Kasalé
Lumière dans les parages obscurs
Le voyageur quittant Port-au-Prince par la route du Sud longe d’abord les abords
deCarrefour, cette Frontière dont l’évocation fait émerger les noms de bordels tristement célèbres : Copacabana, Brisa del Mar, tant d’autres. La Nina Estrellita et El Caucho y célébrèrent, L’Espace d’un cillement, la rencontre de la Caraïbe perdue avec elle-même, se retrouvant dans sa propre différence. C’est dans ces parages obscurs, à l’onomastique cependant si évocatrice des rituels du vaudou, que Kettly Mars déroule l’action de son beau roman. Dans les années 1970, les habitants d’un lakou, regroupement de maisonnettes (des kayes) autour de la présence d’une ancienne, et selon des règles sociales et cultuelles strictes, vivent les dernières tentatives de transmission des cultures populaires, alors que la déstructuration sociale progresse à grand coups de buttoirs. Le roman capte la plupart des thèmes qui travaillent la littérature haïtienne quand elle porte son regard sur la lente décrépitude des paysages et qu’elle inscrit celle-ci dans le destin des personnages : ravinement accéléré par le déboisement, lui-même causant le départ des dieux qui habitaient au creux des grands arbres ; brouillage de l’identité par l’intrusion agressive de l’autre religion ; brouillage des repères géographiques et temporels ; désamour entre les êtres, et violences barbares contre les femmes ; fuite des campagnes, du pays, qui lui-même ne survit plus que par l’aide envoyée de l’extérieur. “Souvent, nous ne savons plus qui nous sommes. Cette ignorance nous fait peur, nous rend méchant”, rappele l’héroïne Sophonie. La présence de l’altérité est au centre de ce roman, comme cette fêlure qui fend la société haïtienne de part en part, d’abord à travers chacun des êtres.

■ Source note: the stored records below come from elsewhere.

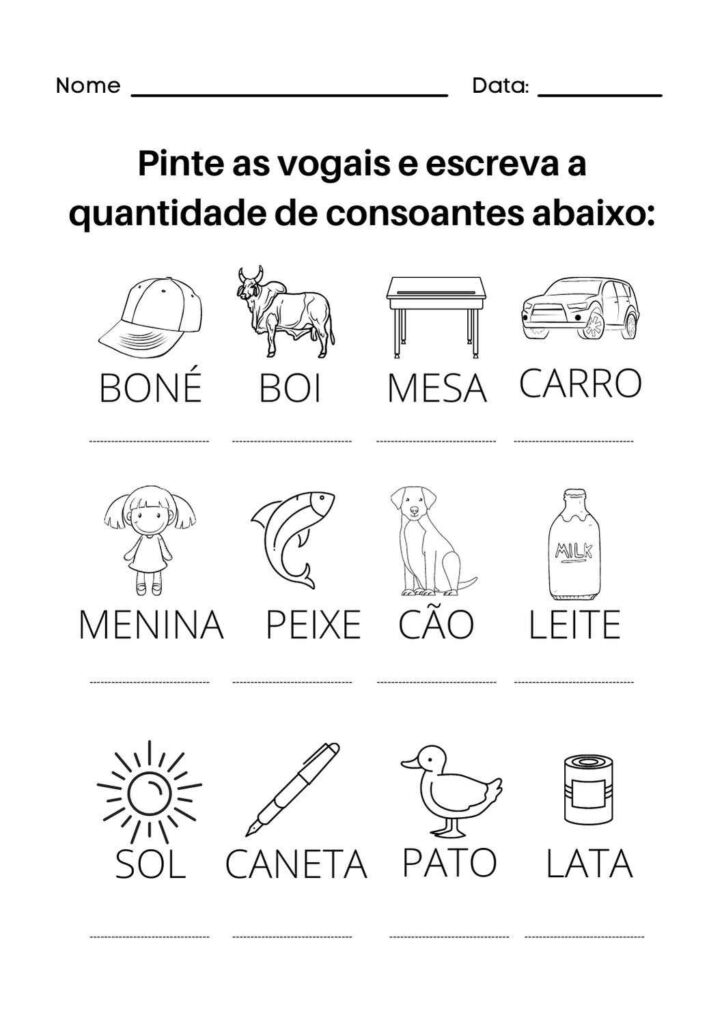 Atividade de alfabetização 1º ano: modelos prontos para imprimir ...
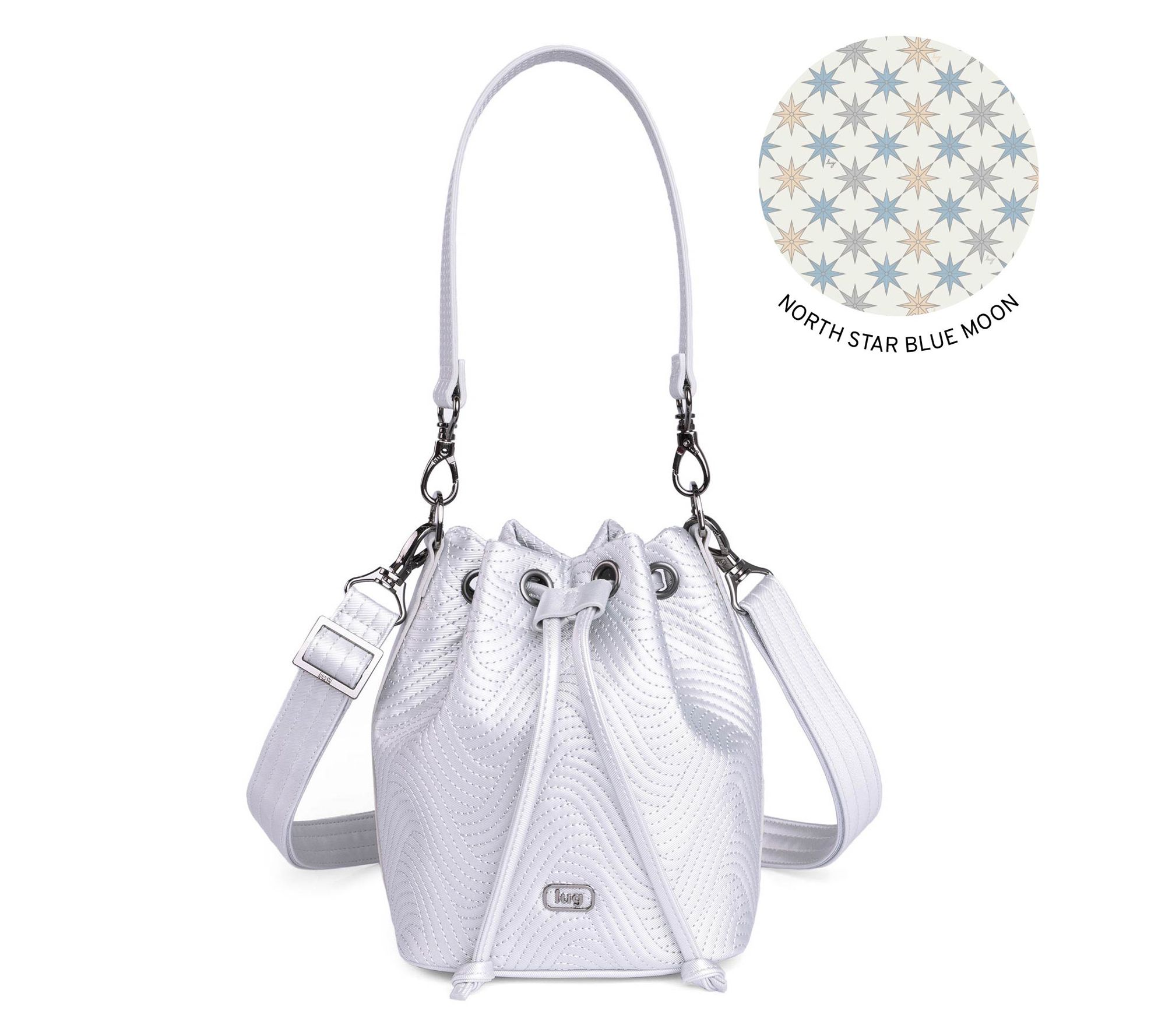 Lug Satin Luxe Drawstring Bucket Bag - Whirlybird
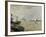 Port of Hamburg (Grey), 1916-Umberto Boccioni-Framed Giclee Print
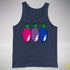 Bisexual Pride Christmas Lights Premium Tank Top - Navy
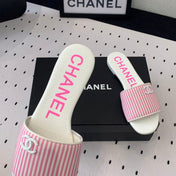 MULES pink LAMBSKIN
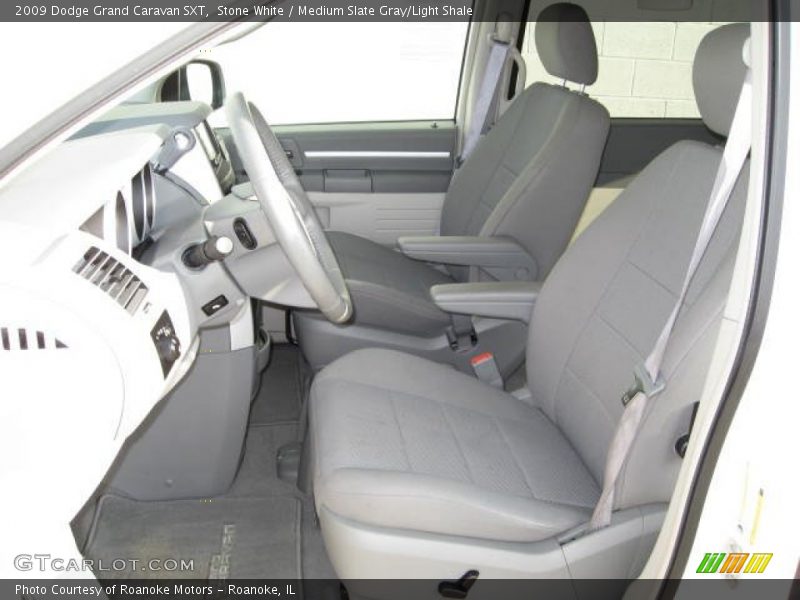 Stone White / Medium Slate Gray/Light Shale 2009 Dodge Grand Caravan SXT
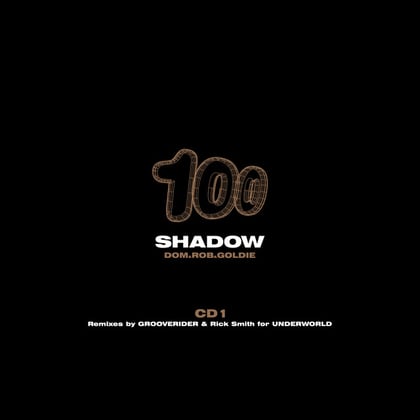 The Shadow (Process Mix Edit) / The Shadow (Grooverider Jeep Mix Edit) / The Shadow / The Shadow (Bing Here Mix) / The Shadow (Grooverider Jeep Mix) album by Goldie - Drum and Bass Cover Art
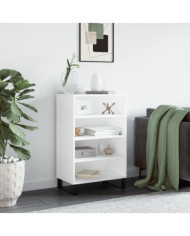 Buffet haut blanc 57x35x90 cm bois d'ingénierie | Mobilier & Déco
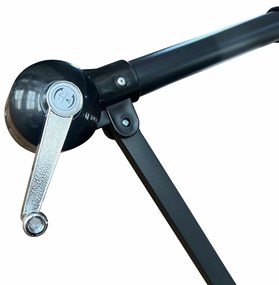 Záhradný slnečník CYNIA s bočnou nohou 300 cm béžový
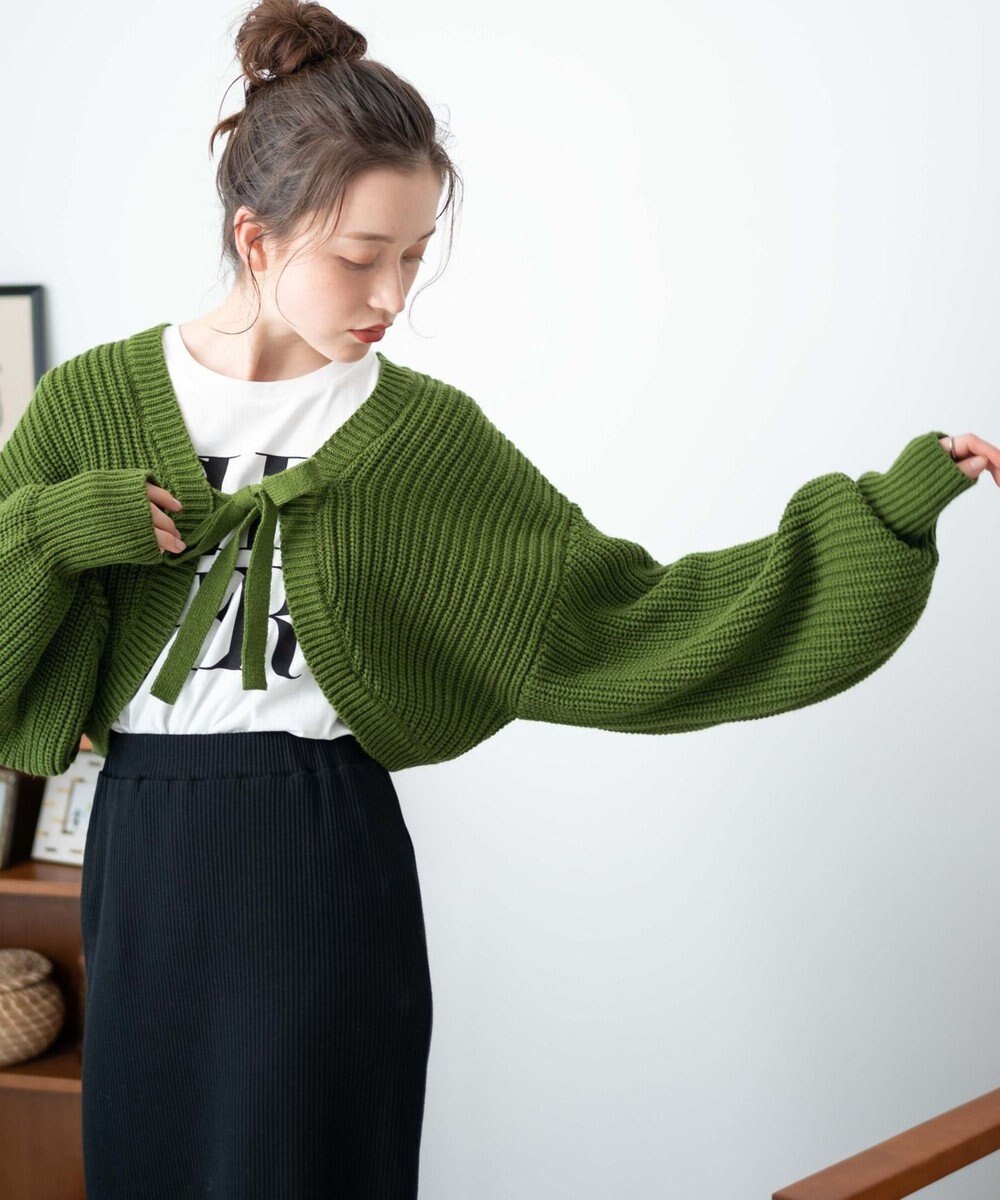 WEGO リボンニットボレロ 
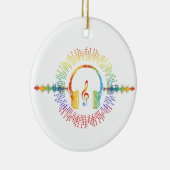 Sound Engineer Audio Wave Audio Engineer Muziek Keramisch Ornament (Rechts)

Kettly Mars ouvre le regard du lecteur à la vie quotidienne de ce lakou installé sur l’ancienne plantation Salé : commerces de peu, relations parfois tendues entre les femmes, promiscuité limitant l’espace privé, éducation et surveillance collective des enfants. Un pseudo prêtre catholique assure la présence de la lutte continue contre les “diableries”, mais il est peu regardant. Plus bas, les hommes s’activent à un grand chantier, qui oblige à détourner le cours de la rivière, mais qui assure des revenus pour les marchandes et les cuisinières, Nativita, Altagrâce, Dilia, ainsi qu’aux jeunesses, les prostituées. Sophonie découvre qu’elle est enceinte, alors qu’elle est célibataire, et que l’arbre planté à la naissance de l’ancienne est désormais tombé. Vers les hauteurs, la kay-mistè, maisonnette dédiée aux esprits, s’est effondrée. Il faut que cette maison soit rebâtie. Alors, l’ancienne pourra disparaître, c’est-à-dire rejoindre les siens, ces esprits dont elle a servi les exigences malgré les revers et les obstacles. Dans une langue qui joue de la présence du créole dans le texte, comme le signe d’une insurmontable nostalgie, c’est la transmission d’Antoinette à Sophonie qui se tisse, comme le rassemblement final des protagonistes lors des funérailles signale la fin de cette histoire de nègres debout. C’est un fait notable que ce roman écrit par une femme ne procède pas à un rappel des Pères de l’indépendance, et à une histoire héroïque, comme c’est si souvent le cas dans le roman célébrant la terre d’Haïti. L’enfant que porte Sophonie est engendré par un sculpteur, mi homme, mi esprit et leurs rencontres se déroulent dans des rêves somptueux, dans lesquels il est lui, l’eau, et elle, la terre. Et c’est dans un arrière plan lumineux, une dernière fois, que les dieux reçoivent le don de leur présence à tous les deux, alors que le diable, tonton-macoute violeur et assassin, qui engendre des monstres, est une dernière fois vaincu. Ce roman haïtien montre ainsi combien la posture inquiète et ambivalente de l’hybridité –entre les mondes, entre les temps, entre les histoires, entre soi et soi- est installée dans la scénographie intérieure de cette littérature.